Caption-style text data
──────────

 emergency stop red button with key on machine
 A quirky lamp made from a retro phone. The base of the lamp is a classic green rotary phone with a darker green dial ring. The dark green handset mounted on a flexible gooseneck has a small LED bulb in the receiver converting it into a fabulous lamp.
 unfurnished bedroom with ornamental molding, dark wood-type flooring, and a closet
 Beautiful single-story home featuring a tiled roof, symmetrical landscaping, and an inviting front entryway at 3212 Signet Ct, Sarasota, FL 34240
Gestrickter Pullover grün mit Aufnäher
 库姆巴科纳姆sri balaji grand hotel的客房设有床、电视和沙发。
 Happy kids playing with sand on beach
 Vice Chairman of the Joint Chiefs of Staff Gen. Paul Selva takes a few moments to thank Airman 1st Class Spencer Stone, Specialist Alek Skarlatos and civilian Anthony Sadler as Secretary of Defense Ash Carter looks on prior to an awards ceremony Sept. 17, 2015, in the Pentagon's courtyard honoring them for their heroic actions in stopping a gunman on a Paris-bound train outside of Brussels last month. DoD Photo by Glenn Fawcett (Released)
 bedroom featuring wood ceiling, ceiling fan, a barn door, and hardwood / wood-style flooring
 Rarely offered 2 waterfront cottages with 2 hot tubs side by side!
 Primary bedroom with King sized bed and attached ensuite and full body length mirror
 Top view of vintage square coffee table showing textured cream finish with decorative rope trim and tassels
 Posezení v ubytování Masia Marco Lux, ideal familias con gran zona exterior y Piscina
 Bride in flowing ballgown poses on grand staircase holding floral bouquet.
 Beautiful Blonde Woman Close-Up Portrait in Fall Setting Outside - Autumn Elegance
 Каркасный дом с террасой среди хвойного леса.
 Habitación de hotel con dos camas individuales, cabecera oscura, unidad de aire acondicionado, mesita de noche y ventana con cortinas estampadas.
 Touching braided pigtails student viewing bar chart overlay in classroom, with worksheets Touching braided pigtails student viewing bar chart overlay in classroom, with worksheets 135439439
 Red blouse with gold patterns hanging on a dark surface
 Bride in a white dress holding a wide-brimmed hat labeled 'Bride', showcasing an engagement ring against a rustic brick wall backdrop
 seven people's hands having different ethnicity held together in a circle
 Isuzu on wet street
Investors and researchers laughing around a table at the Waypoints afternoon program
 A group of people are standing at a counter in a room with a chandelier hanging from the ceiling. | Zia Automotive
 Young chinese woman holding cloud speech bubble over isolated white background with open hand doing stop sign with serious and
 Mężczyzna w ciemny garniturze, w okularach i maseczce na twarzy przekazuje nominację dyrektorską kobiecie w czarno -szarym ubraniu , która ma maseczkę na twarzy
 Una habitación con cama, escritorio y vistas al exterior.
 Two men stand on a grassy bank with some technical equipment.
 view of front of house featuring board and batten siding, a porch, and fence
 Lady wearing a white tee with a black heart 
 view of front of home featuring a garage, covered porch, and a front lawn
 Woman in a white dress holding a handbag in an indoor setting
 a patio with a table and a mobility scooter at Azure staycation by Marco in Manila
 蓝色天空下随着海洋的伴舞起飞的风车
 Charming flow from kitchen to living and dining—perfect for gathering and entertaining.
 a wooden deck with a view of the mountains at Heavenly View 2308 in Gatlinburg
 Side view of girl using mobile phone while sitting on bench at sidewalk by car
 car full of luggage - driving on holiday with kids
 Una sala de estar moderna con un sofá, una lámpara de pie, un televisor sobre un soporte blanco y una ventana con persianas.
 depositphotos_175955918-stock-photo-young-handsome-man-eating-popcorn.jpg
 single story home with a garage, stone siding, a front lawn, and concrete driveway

──────────

Show every line above in which the word "porch" occurs.

> Result for this task
 view of front of house featuring board and batten siding, a porch, and fence
 view of front of home featuring a garage, covered porch, and a front lawn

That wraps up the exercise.